In two preprints Functional Analytic Issues in \(\mathbb{Z}^n_2\)-geometry and Products in the category of \(\mathbb{Z}^n_2\)-manifolds Norbert Poncin and I explore in some detail the Fréchet algebra structure on the structure sheaf of a \(\mathbb{Z}^n_2\)-manifold and use this to deduce several important results including the fact that the category of \(\mathbb{Z}^n_2\)-manifolds admits (finite) products. |

Loosley, \(\mathbb{Z}^n_2\)-manifolds are manifold-like objects for which we have local coordinates that are assigned a grading in \(\mathbb{Z}^n_2 = \mathbb{Z}_2 \times \mathbb{Z}_2 \times \cdots \mathbb{Z}_2\) (n-times) and the coordinates are \(\mathbb{Z}^n_2\)-commutative with the sign factor being given by the standard scalar product on \(\mathbb{Z}^n_2\). Note that this means that the sign factors are not determined by the parity, i.e., the sum of the components of the \(\mathbb{Z}_2^n\)-degree. In particular, we may have coordinates that anticommute but are none the less non-nilpotent. This is in stark contrast to the standard case of supermanifolds. The upshot is that we have non-nilpotent formal coordinates and must use power series and not polynomials in the formal coordinates when defining the structure sheaf. This can lead to many subtleties when developing the theory. The basic theory using locally ringed spaces is quite new [1,2] and many basic questions remain.
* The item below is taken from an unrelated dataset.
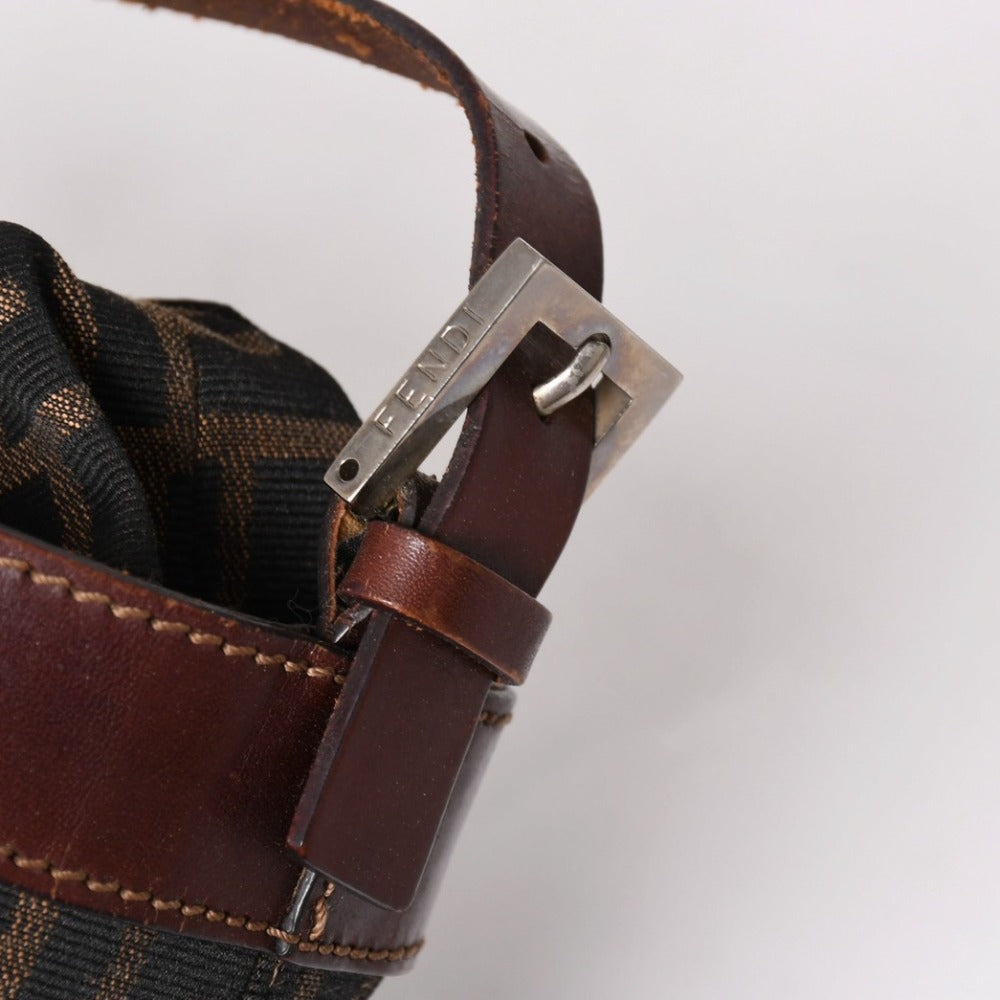 FENDI Zucca pattern bucket bag drawstring handbag shoulder bag canvas leather brown silver hardware mint condition used 4a002914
In the two preprints, we address some foundational issues anchored in functional analysis. Alongside other results, we have shown the following:

- The structure sheaf of a \(\mathbb{Z}^n_2\)-manifold is a nuclear Fréchet sheaf of \(\mathbb{Z}^n_2\)-graded \(\mathbb{Z}^n_2\)-commutative algebras;
- Morphisms of \(\mathbb{Z}^n_2\)-manifolds are continous with respect to the local convex topolgies on spaces of local sections;
- All the information about a \(\mathbb{Z}^n_2\)-manifold is completely encoded in the algebra of global sections of the structure sheaf – we have a reconstruction theorem and an embedding of the category of \(\mathbb{Z}^n_2\)-manifold into the (opposite) category of unital \(\mathbb{Z}^n_2\)-graded \(\mathbb{Z}^n_2\)-commutative algebras;
- The cartesian product of \(\mathbb{Z}^n_2\)-manifolds is well defined and satisfies the required universal properties to be a categorical product. Thus, the category \(\mathbb{Z}^n_2\)-manifold admits products.

While none of the above results are very surprising given that the same statements can be made for smooth manifolds and indeed supermanifolds, the non-trivial problems arise due to the fact that we are forced to deal with algebras of formal power series. Some of the proof are minor modifications of the proofs for supermanifolds (the n=1 case), while others really required a lot of work in checking things carefully.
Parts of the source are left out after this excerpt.